LS dissolution hits exchanges sentiments

The dissolution of the 11th Lok Sabha and the fall in rupee value affected market sentiments on the Bombay Stock Exchange and share prices declined sharply following speculative selling pressure during the week ended December 6.

The BSE Sensex lost by 91 points during the week. Marketmen said that the market would have reacted further more, however, the major loss in the share prices was averted by the Reserve Bank of India's immediate measures to arrest the rupee fall and successful pricing of MTNL's GDR issue in London during the same week.

The rupee crossed the psychological barrier of 39.00 and touched yet another low of Rs 39.85-92 at the beginning of the week, but recovered to Rs 38.80-87 at the end of the week.

Despite political uncertainty, the MTNL GDR was well received by foreign institutional investors, non-resident Indians abroad and averted a major fall on the domestic bourses, marketmen said.

Reflecting the bearish phase, the BSE Sensitive Index lost by 91.21 points to 3469.08 points as against the previous week's close of 3560.29 points. Similarly, the BSE-100 Index drifted lower by 38.72 points to 1504.38 points against the previous close of 1543.10 points.

The BSE-200 and Dollex Indices closed lower by 9.12 and 4.24 points to 337.79 and 145.51 points over the previous week's close of 346.91 and 149.75 points respectively.

The total turnover on the BSE reported during the week declined by Rs 6.1 billion to Rs 43.2 billion as against Rs 50.3 billion registered during the previous week.

The market opened on a cautious note on Monday and pivotals moved in narrow range. After initial losses, pivotals gained marginally at the end of the week. However, the record fall in rupee value and fluid political situation made the marketmen nervous and the market continued downtrend thereafter during the week.

Raids conducted by the Income Tax Department officials on over 30 broking firms of Bombay Stock Exchange on their reported involvement in hawala transactions also had adverse impact on the trading on the country's premier bourse during the last two days, BSE sources said.

According to sources, the IT Department had frozen about 30 bank accounts of over 23 brokers belonging to BSE.

The domestic institutional investors like Unit Trust of India and Life Insurance Corporation continued their support to the falling market while foreign institutional investors postponed their long-term commitment and adopted wait-and-watch attitude in view of new political developments, market sources said.

A similar trend was witnessed on the National Stock Exchange during the same week.

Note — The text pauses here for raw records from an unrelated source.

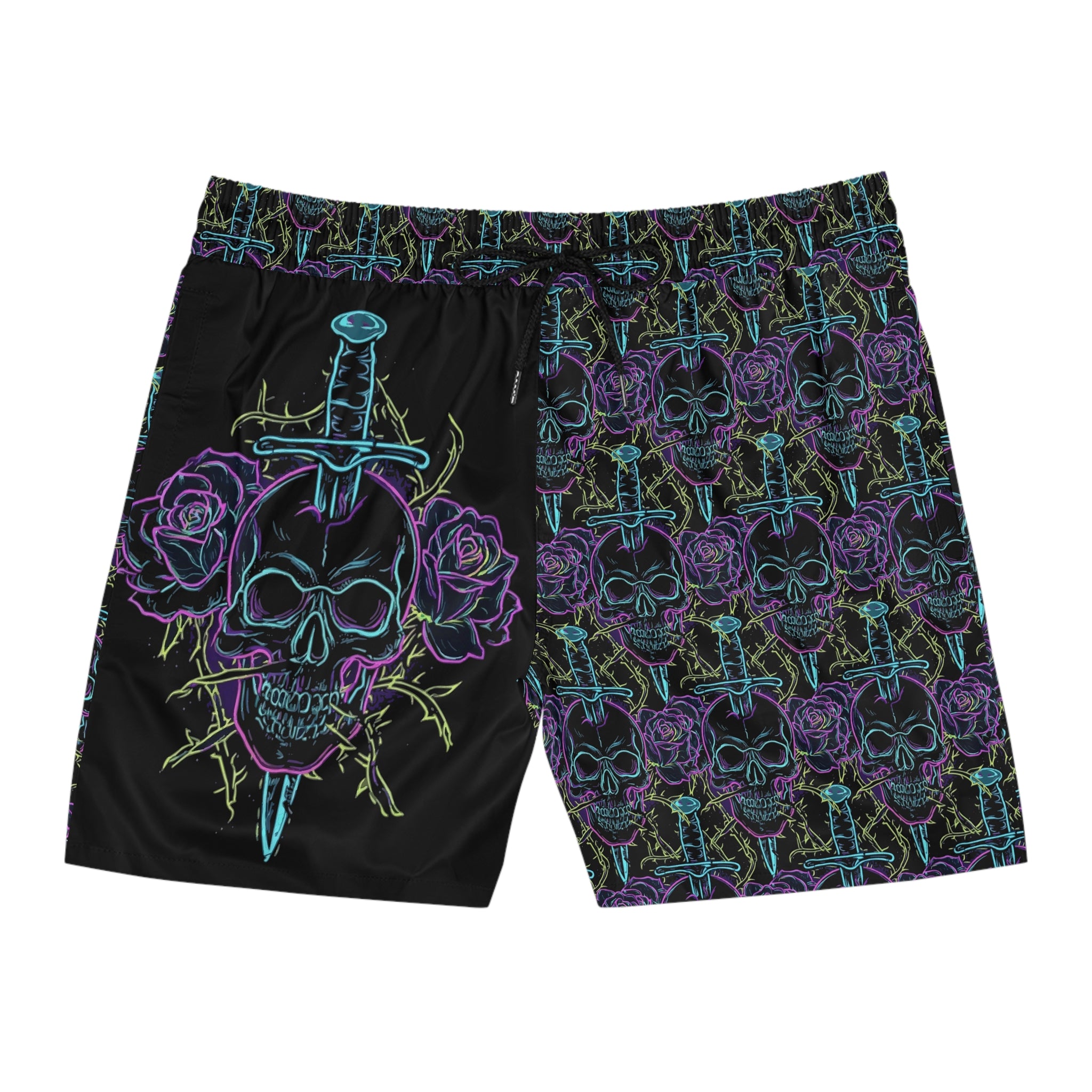 Neon Skull & Dagger Swim Shorts — Gothic Rose Men's Mid-Length Trunks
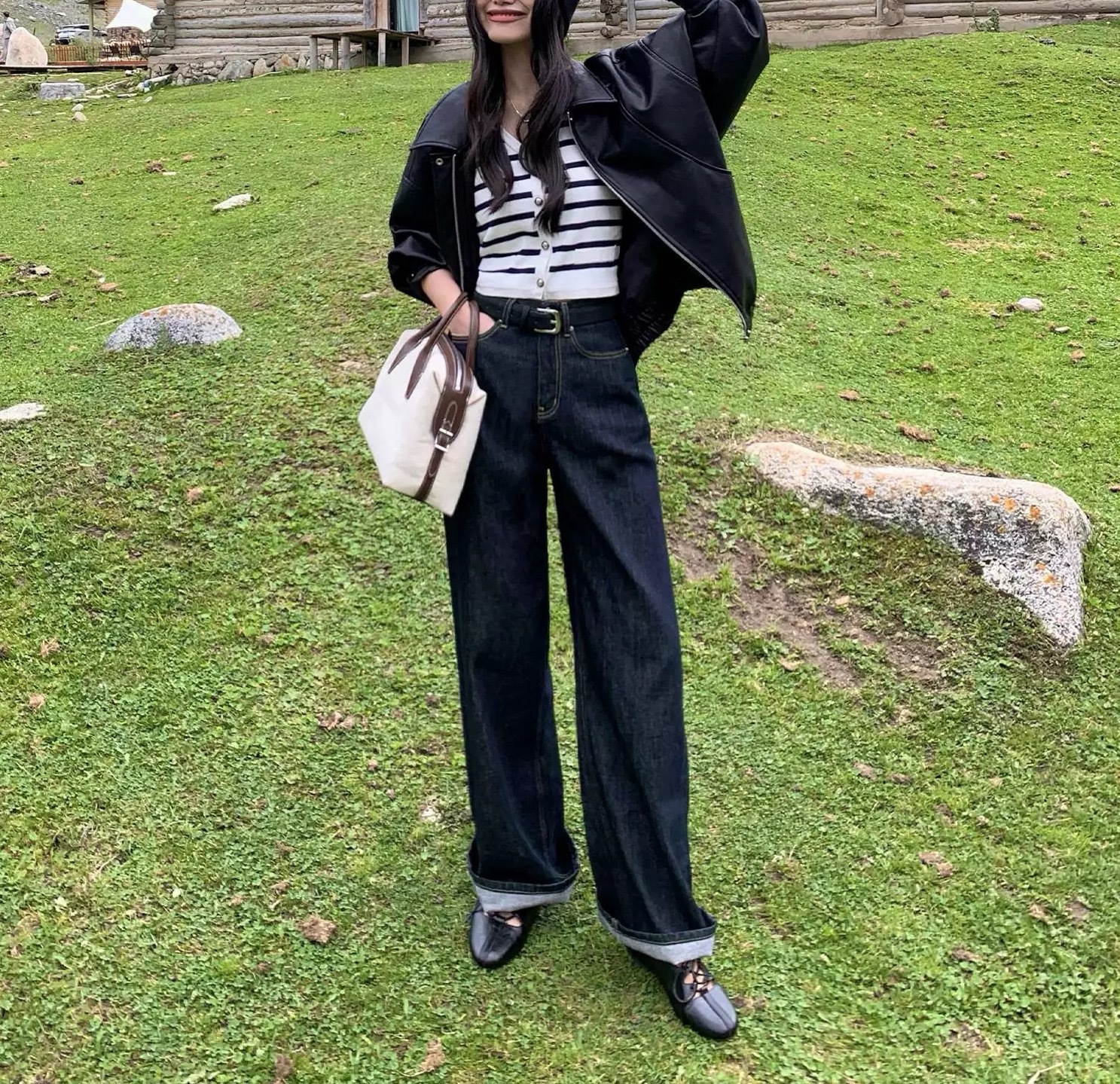 pusumed vintage wide-leg jeans for women in autumn, loose and slimming, straight-leg, floor-length pants pic 4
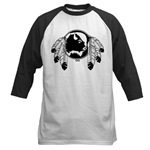 Metis First Nations  Baseball Jersey Original Native Art Spirit Buffalo Design by Canadian Metis Artist Kim Hunter Men's Native Art Gifts & Shirts First Nations Men's Gifts & Apparel art & design by Canadian Metis Artist / Designer Kim Hunter custom imprinted First Nations gifts & apparel available.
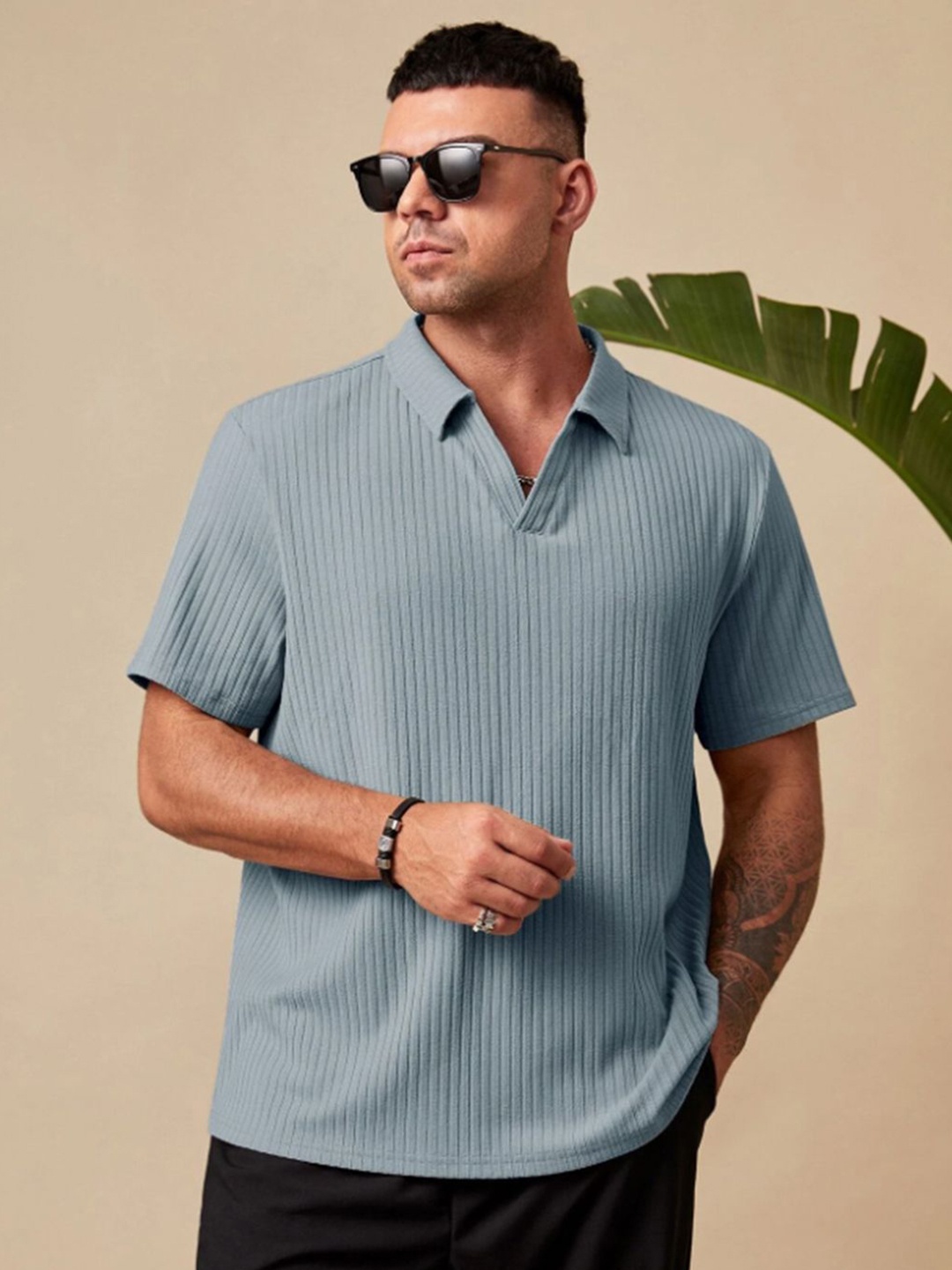 

madfrog Men Self Design Polo Collar T-shirt, Blue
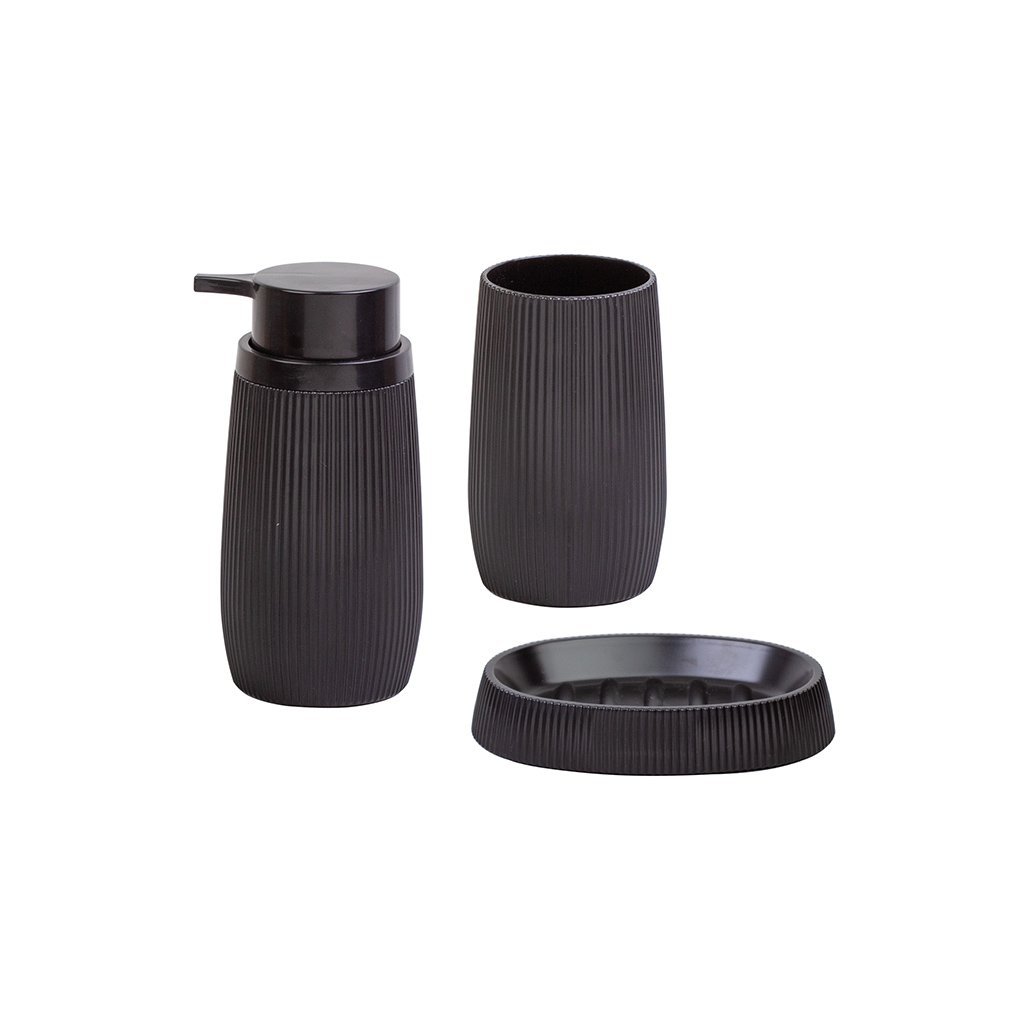 Set 3pcs baño pp negro c/rayitas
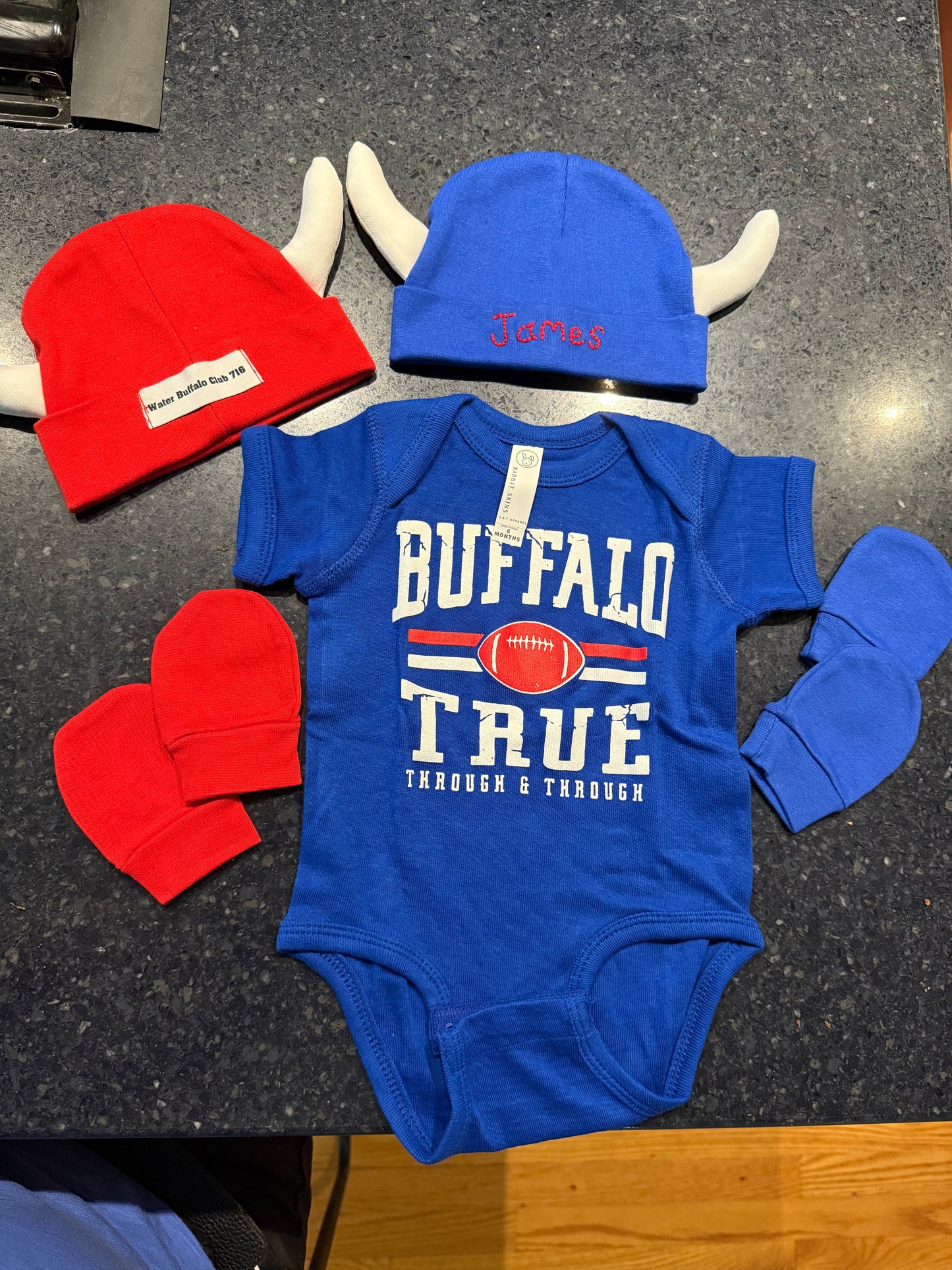 Newborn Baby Cotton Beanie with Horns with matching mittens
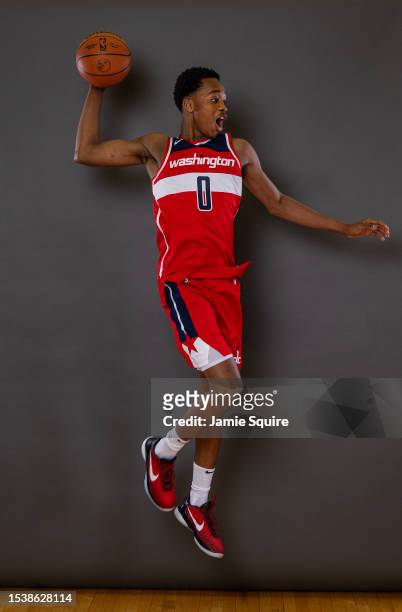 Bilal Coulibaly of the Washington Wizards poses for a portrait during the 2023 NBA rookie photo shoot at UNLV on July 12, 2023 in Las Vegas, Nevada.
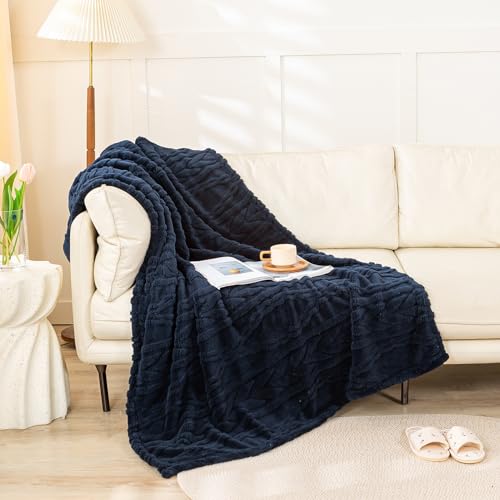 YUSOKI Sherpa Large Throw Blanket Single Layer,Light Weight(1.7lb),320GMS-3D Stylish Design for Gift Home Decor (Navy,50"x65") - color: Navy-(without Pillows), size: Throw (50" x 65")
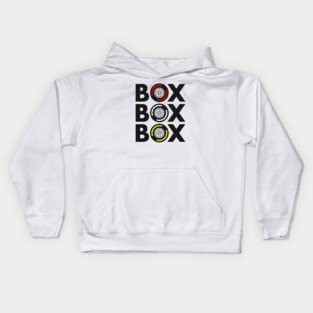 "Box Box Box" F1 Tyre Compound Design Kids Hoodie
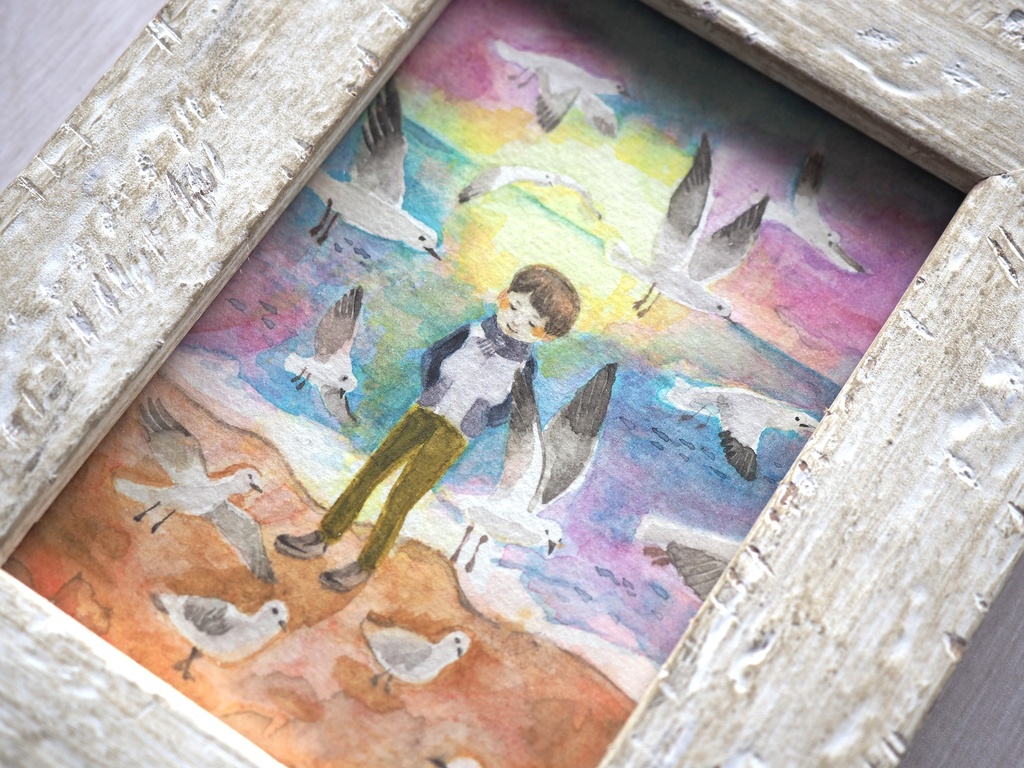水彩 原画 額入「カモメと少年」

The Nifty (NSE-50 Index) declined by 17.65 points to 1006.30 points over the previous week's close of 1023.95 points. The newly constituted Dollar NSE-50 Index (Defty) drifted lower by 22.05 points to 897.59 as against the previous close of 909.55 points while the Midcap Index also fell by 15.40 points to 1143.80 points as against the previous close of 1159.20 points.

The total turnover on the NSE dropped by Rs 9.6 billion to Rs 84.9 billion as against Rs 94.5 billion during the week.